3

In this Stack Overflow question (which has unfortunately been put on hold since I began researching for this question), several people have mentioned that "in modern C++," due to move semantics, there's no need for the compiled code to copy the string for the operation string = string + s1, leaving the impression that with a modern C++ compiler, string = string + s1 can be just as efficient as string += s1. I find that claim dubious, but I'm working in the legacy world of C++03 and still don't know much about move semantics. (It's my job, and I don't pick our compiler.)

Cost of string += s1

With the operation string += s1, no new allocation is needed unless the expansion of string's buffer exceeds its previously allocated capacity, and assuming a reasonable implementation of the string class, no temporary object is ever created in the operation string += s1. Assuming the size of the result fits within that previously allocated capacity, the most costly part of string += s1 is the appending (copying) of s1's content to the end of string's original content using previously allocated but unused space. Also note that the cost of that copy operation is just the number of bytes of s1, not the combined total number of bytes.

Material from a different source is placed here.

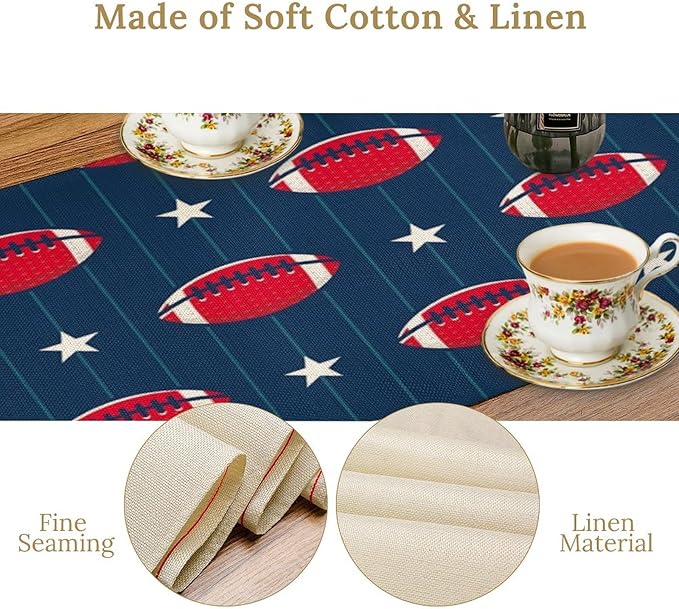 Football Table Runner Vintage American Football Game Days Seasonal Dinner Runner - Image 5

Cost of string = string + s1 in legacy C++ (C++03 & earlier)

In legacy C++ (03 and earlier), string = string + s1 would, in my understanding, require at least one temporary allocation (for the evaluation of string + s1), and two full copies of the sum of the number of bytes in s1 and the original string (1. copy original content of string to the temporary and copy-append the bytes of s1 to the end of those bytes in the temporary, and then 2. copy all of the resulting bytes from the temporary back to string's buffer, including the bytes of the original content which were already there anyway). Obviously that's far more expensive than the cost of string += 1 described above, and it could make a significant difference especially if the append operation is performed many times in a loop (it's the Shlemiel the painter algorithm, except it's even worse than the inefficiency of strcat()!).

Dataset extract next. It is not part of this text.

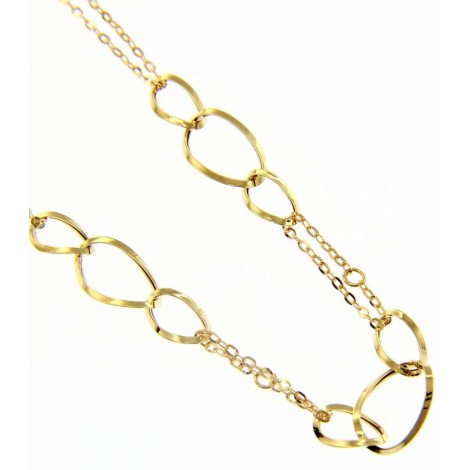 Collana Tre Ovali Catena Roll-On Oro Giallo 18kt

Cost of string = string + s1 in "modern" C++ (C++11 (or C++14?) & later)

It seems to me that the evaluation of the expression string + s1 will produce an rvalue, which can subsequently be provided as an rvalue reference to string's move assignment operator, eliminating the need to copy the result of string + s1 back into string. But that doesn't eliminate the need to create the original temporary object, and the associated copying for it, does it? In my thinking, the best that move semantics can do is eliminate one of the two full copy operations. One allocation and one copy operation (to create the temporary) is still required, right? If so, then move semantics only makes code like that "less bad", it doesn't stop it from being another instance of the Shlemiel the painter algorithm, and it's still worse than C's strcat()!

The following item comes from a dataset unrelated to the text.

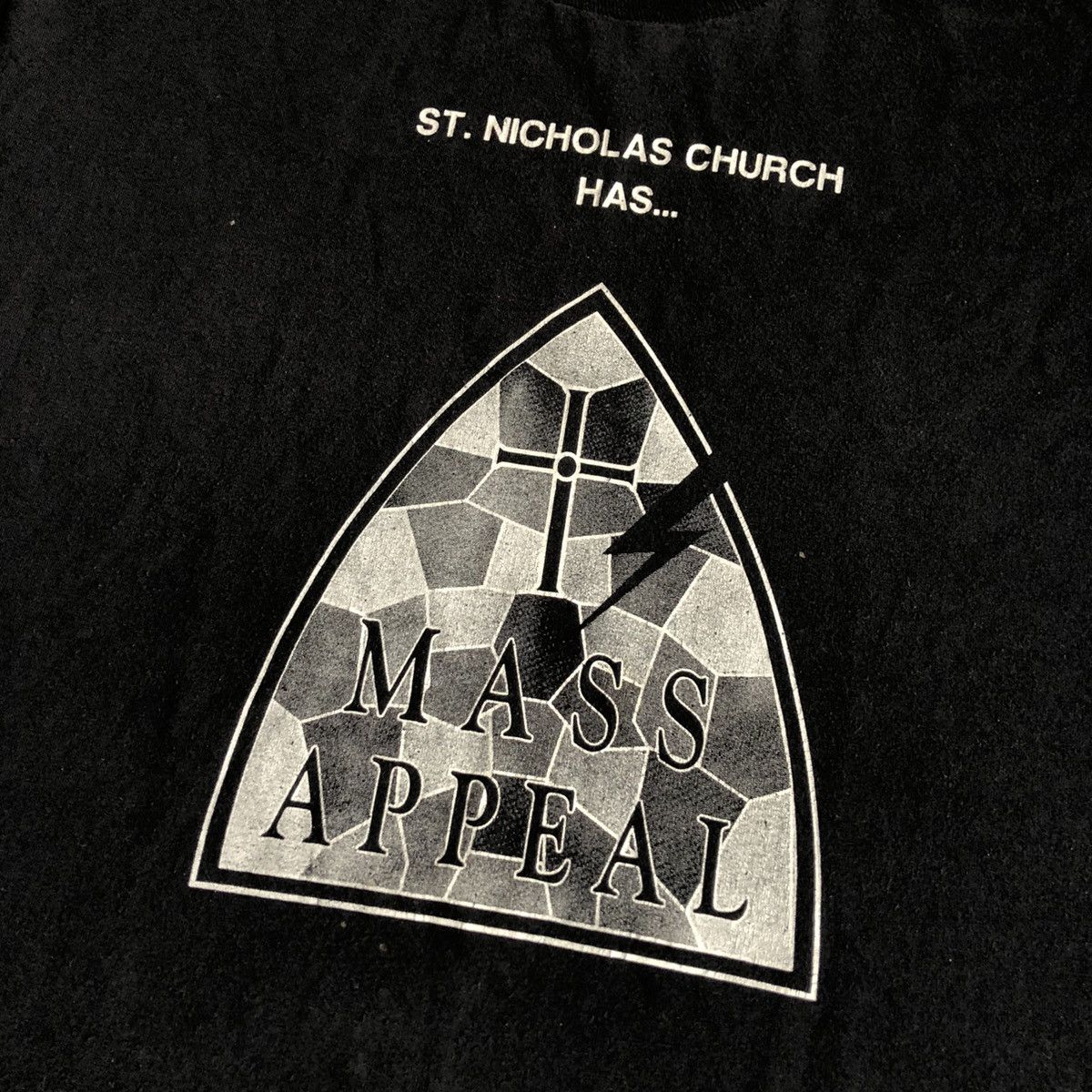 Vintage Vintage 1990s St Nicholas Church Mass Appeal Shield Logo Tee Size US XL / EU 56 / 4 - 3 Thumbnail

Please tell me I'm wrong. Also: Please don't speculate. That's not helpful. If your answer or comment begins with "I think...", then please don't submit it.

phonetagger
  • 7,701
  • 3
  • 31
  • 55
  • Because of the [as-if rule](https://en.cppreference.com/w/cpp/language/as_if) you *might* be wrong for certain implementations. – François Andrieux Jul 22 '19 at 18:01
  • 1
    Another thing to watch out for is SSO (Small String Optimization). Since SSO is allowed in C++11+, when you move a string you might make a copy since you can't move arrays. – NathanOliver Jul 22 '19 at 18:02
  • "But that doesn't eliminate the need to create the original temporary object, and the associated copying for it, does it?" `string + s1` will still need to get evaluated and create a temporary object (I think), but it might remove the need for a a copy into the assignment operator. I couldn't tell you for sure, though. That's why there's other people smarter than me here :). –  Jul 22 '19 at 18:12

3 Answers3

1

One allocation and one copy operation (to create the temporary) is still required, right? If so, then move semantics only makes code like that "less bad"

As far as I can tell, you're right. Move semantics doesn't get rid of all overhead from this example, only some.

If string doesn't have sufficient capacity, then there is no way of avoiding reallocation and copying of all characters. In case there is sufficient capacity however, for best performance, regardless of standard version, what you should do is:

string.append(s1); // this
string += s1;      // or this

If capacity is sufficient, no reallocation happens, and no characters of original string are copied. Same as strcat. Unlike strcat, the behaviour is well defined if he capacity is insufficient.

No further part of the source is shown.